Three days ago, we returned home from tour to the screaming, jet engine-like sound of many large machines running at top volume in our busted house, as if cyber-creatures had colonized it in our absence. There’s this very impressive pulmonary system of sorts in place, running tubes full of dry air from the giant robot king into our damp walls and floors and what is left of the ceiling. There are lesser, but still impressive, cyber creatures positioned around the house, all screaming in different tones, most of them clustered in the basement. The basement, from the way it sounds, is a place into which I will never venture again. Something like having your very own 747 in a basement hangar. Neato!
We have been instructed to keep the heat at 75 degrees in order to help the drying process along (we usually keep it at 55…We don’t thrive in temperatures higher than that). Factoring in the heat that the screaming robots and the stressed out humans are generating, I figure it’s about 85 or 90 in here. We wear shorts and t-shirts in the house, then drape ourselves in winter gear to go outside where it’s like…20. Then we pelt each other with snowballs ’til we feel better.
I briefly entertained the idea of keeping my sense of humor about this: covering the beast machines in Christmas lights and pine boughs, maybe having the kids draw faces on them. As it turns out, that’s not very funny. Or maybe it is; I just can’t THINK with all this NOISE!
So a few hours ago, Billy and I looked at each other in the shimmering heat of the kitchen and something in my expression made him mouth instructions to dress the kids in their outside gear and put them in the car. He then drove us to a civilized restaurant where we shared civilized conversation over a civilized dinner and decided to make a run for it.
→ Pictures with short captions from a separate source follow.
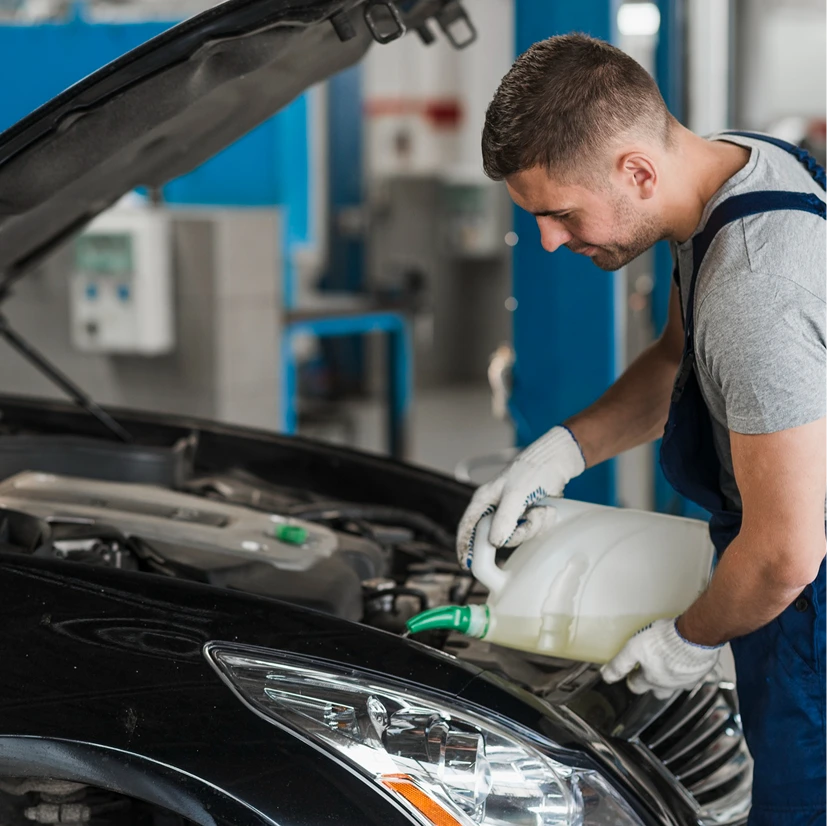 Mechanic in blue overalls and gloves fills a car radiator with coolant from a white container in a bright garage, displaying focus and expertise.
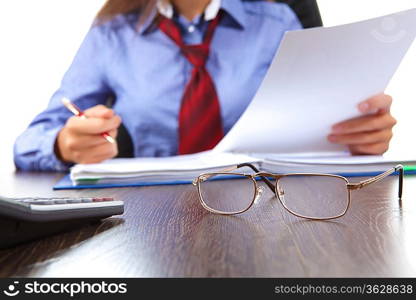 Business woman at office sitting at table and working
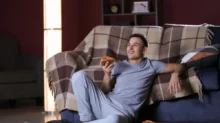 Muž se v noci dívá na televizi a jí u toho pizzu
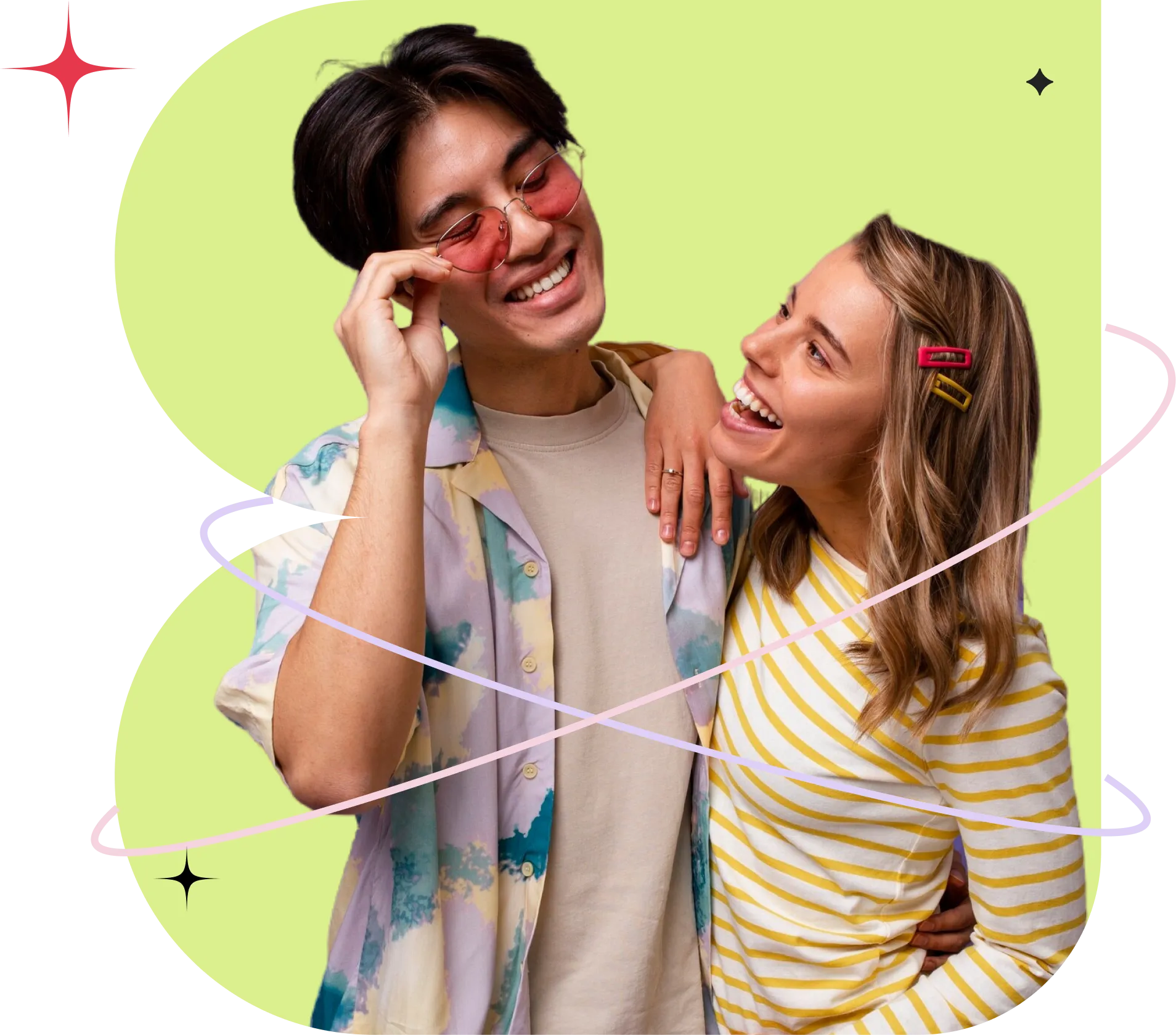 A young man and woman laughing together, dressed in colorful outfits with a playful graphic background.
The upshot being, I get to go back to Rizzo’s and go back to work on my record! Score! That’s a million for Kristin, ZERO for the dumb ass home invading cyber-creeps! Now I won’t forget the new song I wrote at the beach (it’s called “The Thin Man”, in case I do forget it — then you tell me), now I won’t forget the piano and guitar overdubs I wrote on tour, now I can point at Elizabethan gourds hanging on Rizzo’s wall and say, “Steve! Tune it, I think I can play it!”.